The Norman Transcript
NORMAN — Dear Dr. Fox: There is an American bulldog named Daisy who lives in the neighborhood. She has a tumor hanging from her belly that drains and bleeds at times. She always comes to my house to sleep in my three doggies’ beds. I love her and allow her to do this, and I wash the blanket each time she goes home.
Is the draining and bleeding dangerous for my dogs? I have mentioned this to her owner, but he refuses to put her down. Daisy does not want to be alone, and she seems scared. I am sad and heartbroken for her cancer, and knowing my dogs won’t get sick will help me.
— L.S., Hendersonville, N.C.
Dear L.S.: I appreciate your concern over your neighbor’s poor dog. My guess is that this is either an ulcerated breast tumor or a fatty tumor — a lipoma. If it is the latter, then surgical removal should fix the problem. But if it is a neglected mammary tumor, chances are that it has spread to her lungs and other parts of her body, so surgery would not be a cure. It may temporarily make her life more comfortable, but she may not survive the surgery.
Either way, if you have the funds, talk to the owner, who may need financial or emotional support — and possibly a kick in the rump to do something for the dog.
The oozing from the growth is not likely to put your dogs at risk, but you would be wise to bleach-clean any towels you put down for her to rest on when she visits. You can clean her up with diluted hydrogen peroxide or a hand sanitizer solution.
I find such neglect appalling, and calling the local animal shelter or a veterinarian to come and evaluate the dog when she is visiting may be a good idea.
Update from the original letter writer
Dear Dr. Fox: I took your reply to my letter of concern about this poor dog to her owner, and he was not offended — he just felt helpless, I guess. He took Daisy to the vet, and she was euthanized. Her suffering was immense and her condition was considered too advanced for surgery to be successful. Thank you.
Dear Dr. Fox: I have two indoor cats. Neither is any specific breed, they’re just farm cats that became indoor cats.
One cat, Spot, has bladder problems. He has to eat Hill’s Prescription Diet c/d so he doesn’t develop bladder stones. Our other cat, China Doll, has some sort of bacteria in her intestines that causes severe diarrhea. She is on Hill’s Prescription Diet i/d. Because of these two diets, I have to feed the cats three times a day and hover over them to make sure they eat the right food.

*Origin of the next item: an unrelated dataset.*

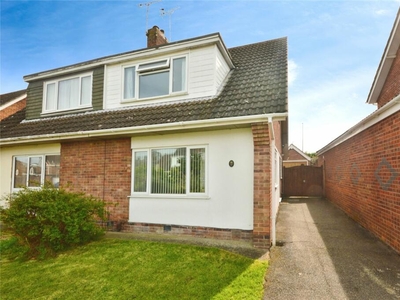 3 bedroom semi-detached house for sale in Chiltern Road, Lincoln, Lincolnshire, LN5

Is there any food I can buy or make that would be safe for both of them? I would rather let food be available for them all day instead of making them scarf food down at specific times.
Thanks for all of your help!
— J.W.R., Sarasota, Fla.
Dear J.W.R.: As you have discovered, it is difficult supervising two cats who must both be on special prescribed diets.
The cat with the bowel problems can be given good-quality, human-grade probiotics mixed in with her food. You can feed both of them my home-prepared diet, which you can find on my website, drfoxvet.com.
Encourage both to drink plenty of water by seasoning it with a little low- or no-salt chicken or beef bullion. Check feline-nutrition.org for more insights on the correct feeding of cats and how one good nutritional formula can help cats with a range of health problems associated with manufactured cat foods, including special prescription diets.
Many cats diagnosed with a bladder problem turn out to be allergic to corn, and high-cereal diets are largely responsible for one type of bladder stone that is appearing in epidemic numbers. Cats with chronic diarrhea are frequently suffering from a food intolerance or allergy. What may seem like a bacterial infection in some cases of diarrhea may well be dysbiosis (bacterial imbalance), which can be rectified with various supplements, using antibiotics as a last resort.